令和4酒造年度全国新酒鑑評会 製造技術研究会 杜氏ver.

こんにちは。石井酒造杜氏の中束です。
令和4酒造年度全国新酒鑑評会 製造技術研究会に参加してきました。
今回で111回目の全国新酒鑑評会は、独立行政法人酒類総合研究所と日本酒造組合中央会が共催して行われています。

場所は広島県東広島市にあります東広島運動公園内にある体育館で行われます。全国から蔵元や杜氏が集まる酒造関係者のみの研究会です。
普段お会いすることない他県の清酒製造の方々とお会いできる機会でもあります。今期の造りの感想や愚痴を言い合える貴重な場(笑)でもあります。

現在、様々な品評会やコンクールがありますが、全国新酒鑑評会は蔵元、杜氏が結果に一喜一憂される特別な鑑評会だと思います。
私自身、醸している最中はそこまで意識しないようにしていますが、結果が出る頃は今期の製造も終わり、片付けもひと段落している時期なので発表日間際は製造中より緊張感のある日々を過ごしております(胃が痛い……)

それぞれの蔵元の考え方もあるので一概には言えませんが、鑑評会のお酒は特別のものだと私は考えています。
全国新酒鑑評会で良い結果を目指し、品質を向上させ、傾向と対策ができる製造技術をもっているかが問われる場だと考えています。
弊社では数年前から純米大吟醸で出品を行っています。
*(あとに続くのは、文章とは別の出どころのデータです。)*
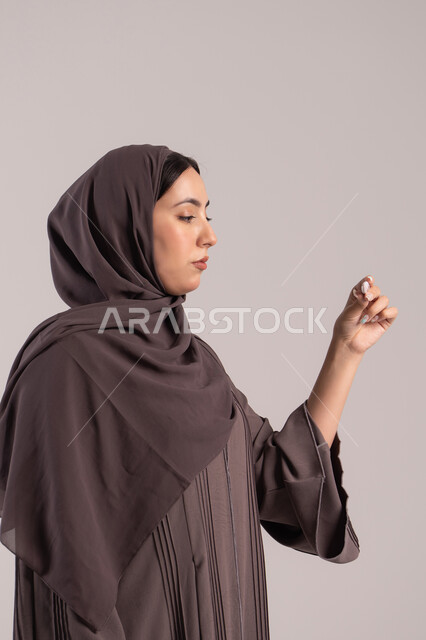 التعب العام المصحوب بالمرض, اتباع إجراءات السلامة والوقاية، الحاجة لزيارة الطبيب ووضع خطة علاجية، الإصابة بالحمى والتعب، بورتريه من الجانب لامرأة عربية خليجية اماراتية محجبة ترتدي عباءة تحمل بيدها ميزان حرارة رقمي، شابة سعودية مريضة، خلفية بنية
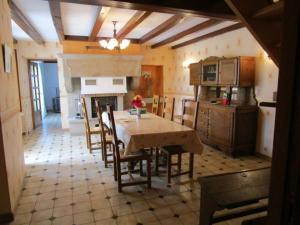 a kitchen with a table and chairs and a fireplace at Maison familiale avec cheminée, jardin et WiFi à Esley, Vosges - FR-1-589-743 in Esley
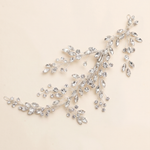 A delicate, sparkling crystal hair accessory with a branch-like design, featuring numerous small, clear gemstones.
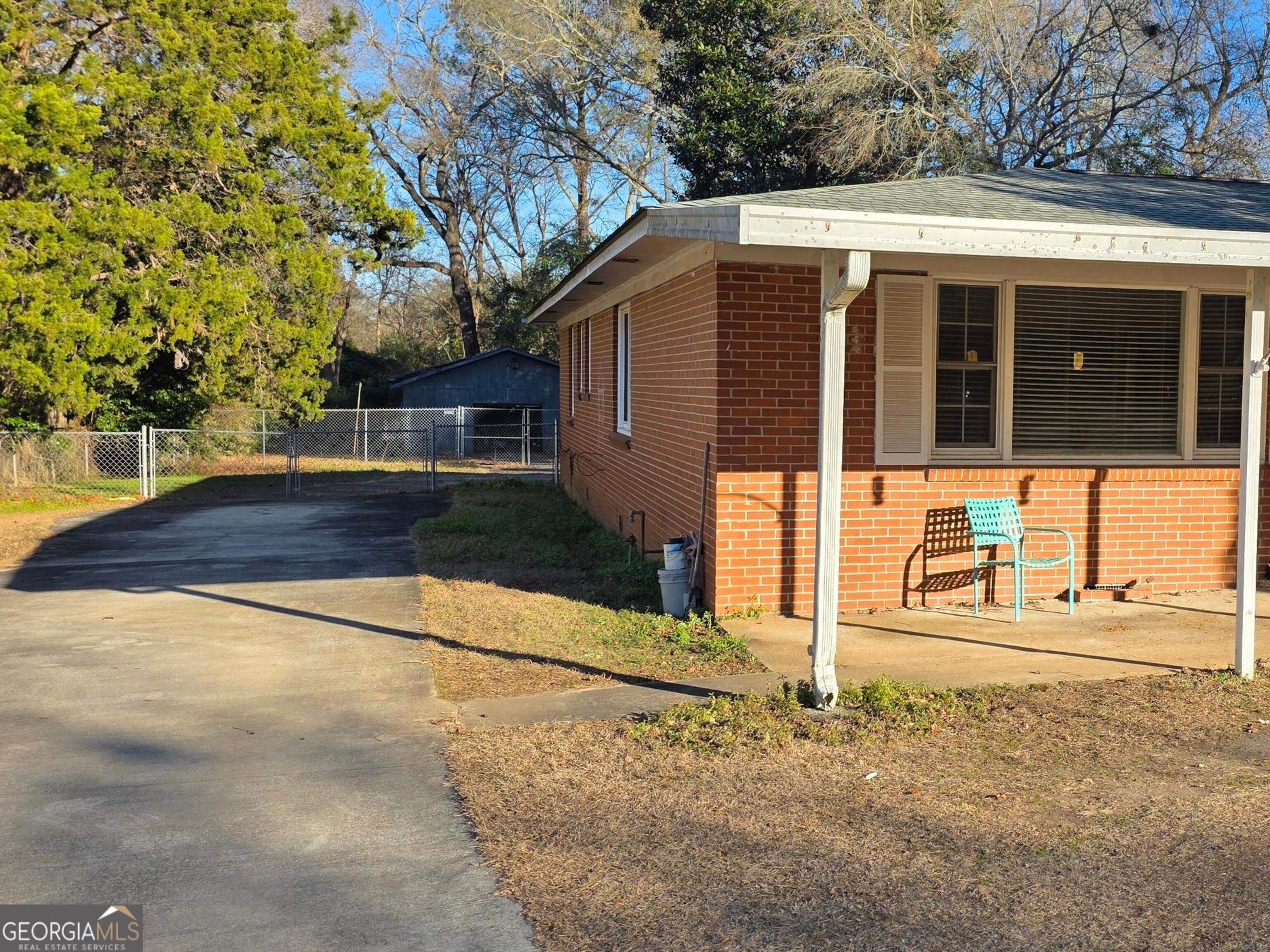 110 Lee Street Centerville, GA 31028 - Photo 2 of 18 a front view of a house with garage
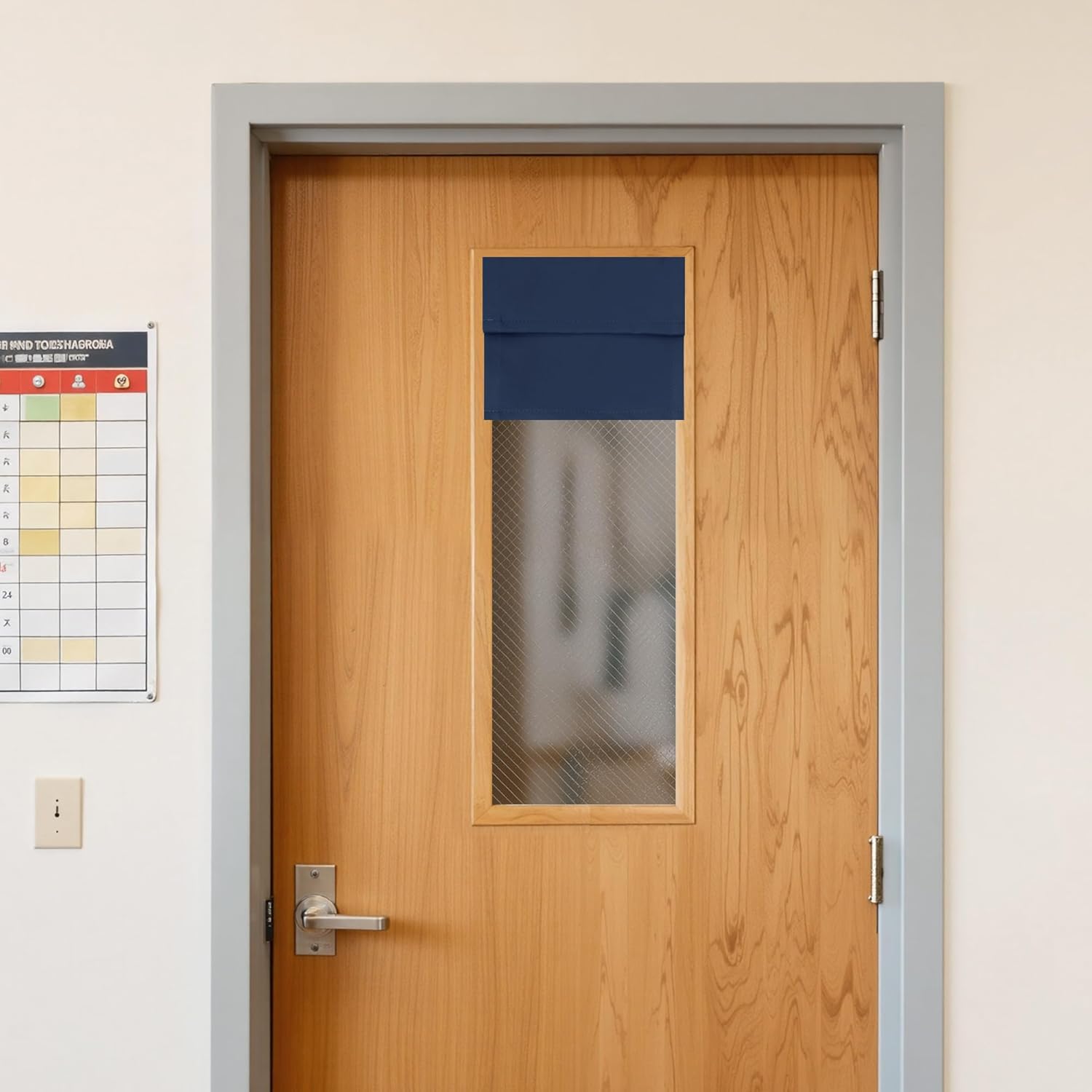 Navy blue fabric privacy shade covering the top portion of a textured glass window on a light brown wooden door.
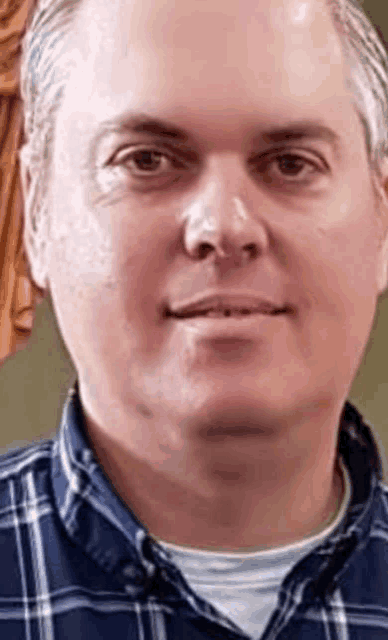 a close up of a man 's face wearing a plaid shirt and smiling .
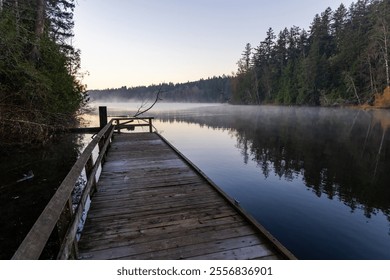 A tranquil morning scene at Elk Lake, with misty waters reflecting the sunrise glow. Surrounded by lush evergreen trees, the wooden pier invites moments of peace and contemplation. - Powered by Shutterstock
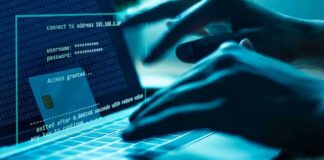 Hands typing on a laptop with cybersecurity login overlay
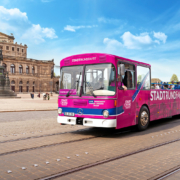 Ein pinker Stadtrundfahrt-Bus mit Gästen fährt an der Semperoper im Hintergrund vorbei, schönes Wetter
私はこの会社で杜氏となり今期で3期目です。
昨年は入賞という結果をいただき、今年こそ金賞が欲しい、☆マークが欲しい(注 金賞酒は入賞酒目録に☆マークがつきます)と意気込んていましたが…。

今期は前期と同じ入賞を取ることが出来ましたがやはり金賞の壁は高いなぁと感じています。

製造技術研究会では全国から出品された818点すべての利き酒が可能です。すべての利き酒をすることは体力的にも苦しいので、ある程度は目的を持って利き酒していきます。
食事をすると味覚に影響があるという説もあるそうなので極力、食事を控えるようにしました(利き酒中はお腹の鳴りが止まりませんでしたが…照)。また苦味や渋みを敏感に感じたかったので飲み物にも気を付けて当日を臨みました。

私の場合は金賞酒と入賞酒を積極的に利き酒するようにしています。金賞と入賞の違いを自分の脳みそにインプットさせるような感覚で利き酒します。
また純米に関しては賞に関係なく全て利き酒しました。ちなみに純米の出品は昨年より22場増えたそうです。
純米はアルコール添加の出品酒より熟成が早いと思っています。そのため現状の酒質を利いて、どのように香りが変化したか、後に残る余韻に不快感はないかなど、自分の思考の中でリストを作成して永延と利き酒を行います。
他県他社様の出品酒を聞ける機会はこの研究会と日本酒フェアしかありませんので本当にこのような研究会は貴重です。(日本酒フェアは金賞酒と入賞酒のみ)

味覚は経験だと私は考えています。未知の味覚は表現することも実現することも不可能だと考えます。ですので、このような場で利き酒させていただく機会をいただいた会社には感謝しかありません。